Brief descriptive captions:
··········

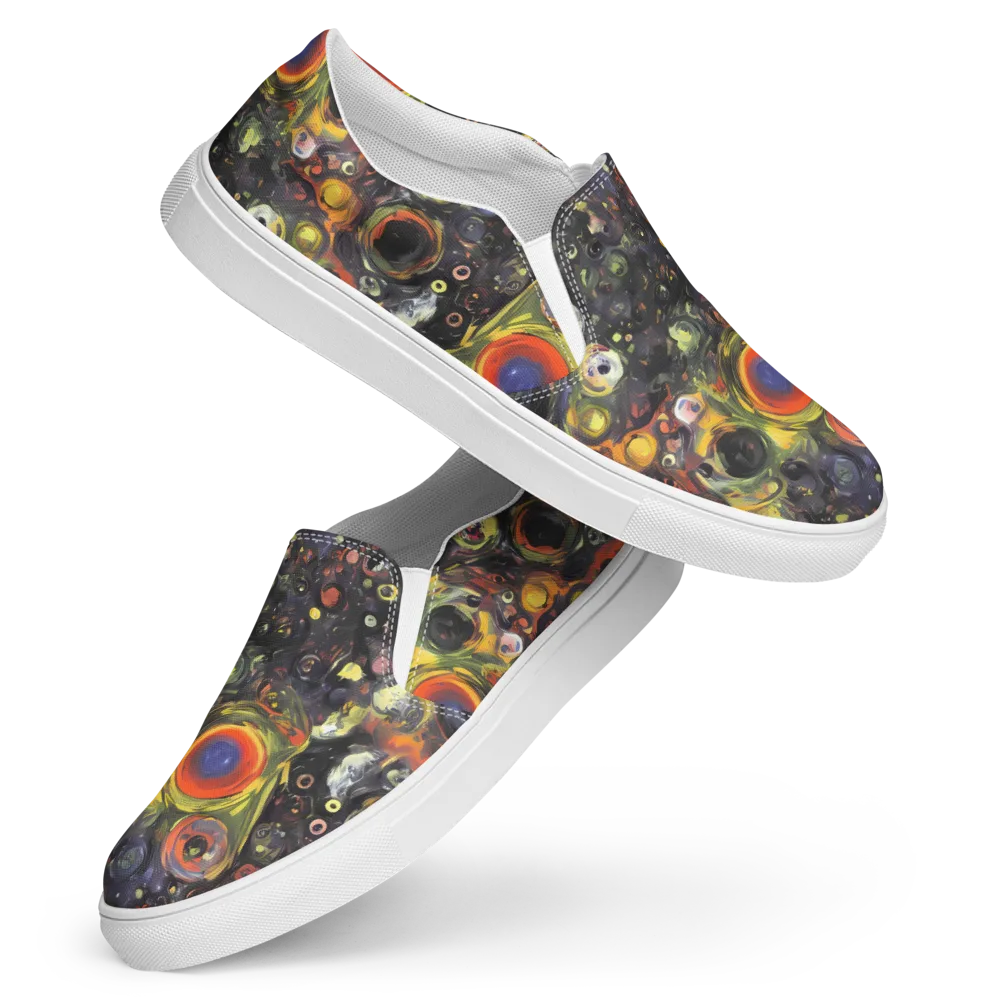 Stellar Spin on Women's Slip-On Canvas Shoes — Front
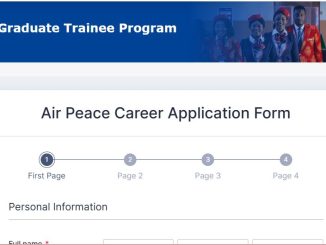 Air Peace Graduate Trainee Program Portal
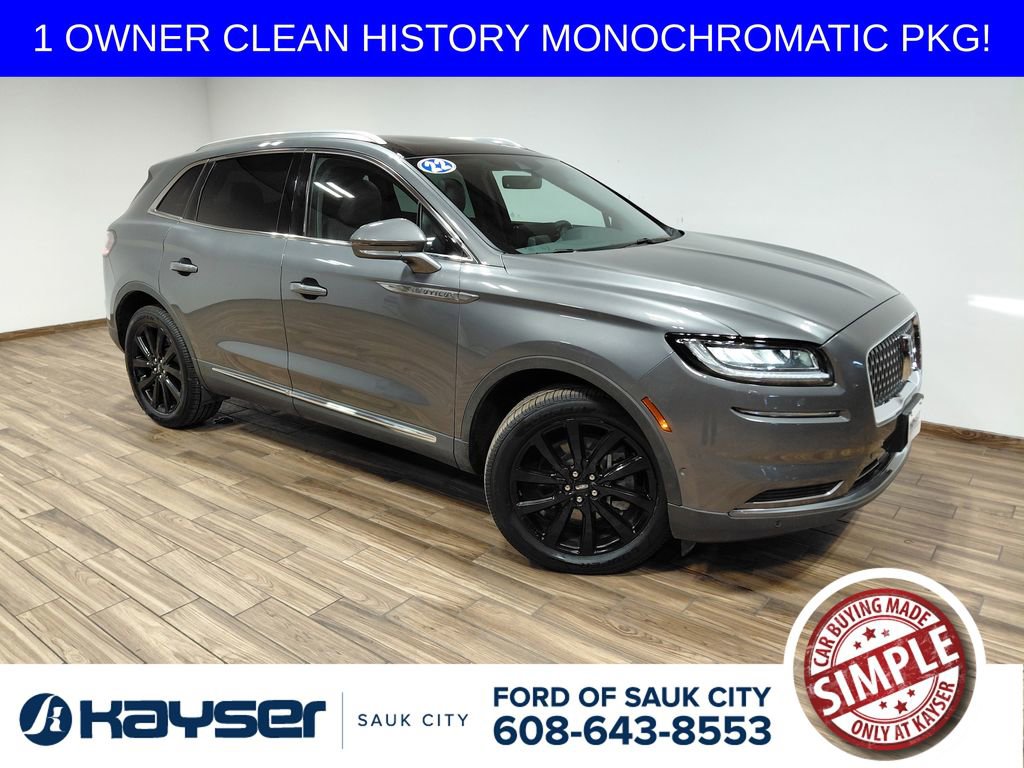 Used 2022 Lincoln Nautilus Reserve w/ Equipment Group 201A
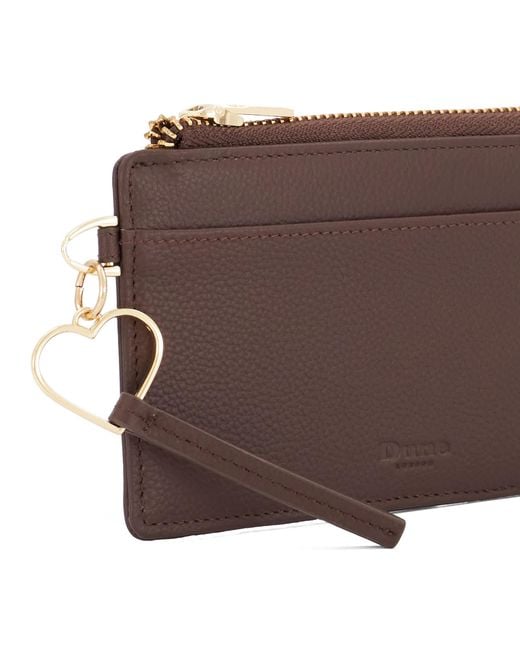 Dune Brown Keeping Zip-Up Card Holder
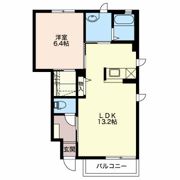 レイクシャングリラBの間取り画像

··········

• _ABOUT THIS EXERCISE_: Copy the data word for word. Pictures do not go in the copy.

• _EXERCISE OUTPUT_:
 Stellar Spin on Women's Slip-On Canvas Shoes — Front
 Air Peace Graduate Trainee Program Portal
 Used 2022 Lincoln Nautilus Reserve w/ Equipment Group 201A
 Dune Brown Keeping Zip-Up Card Holder
 レイクシャングリラBの間取り画像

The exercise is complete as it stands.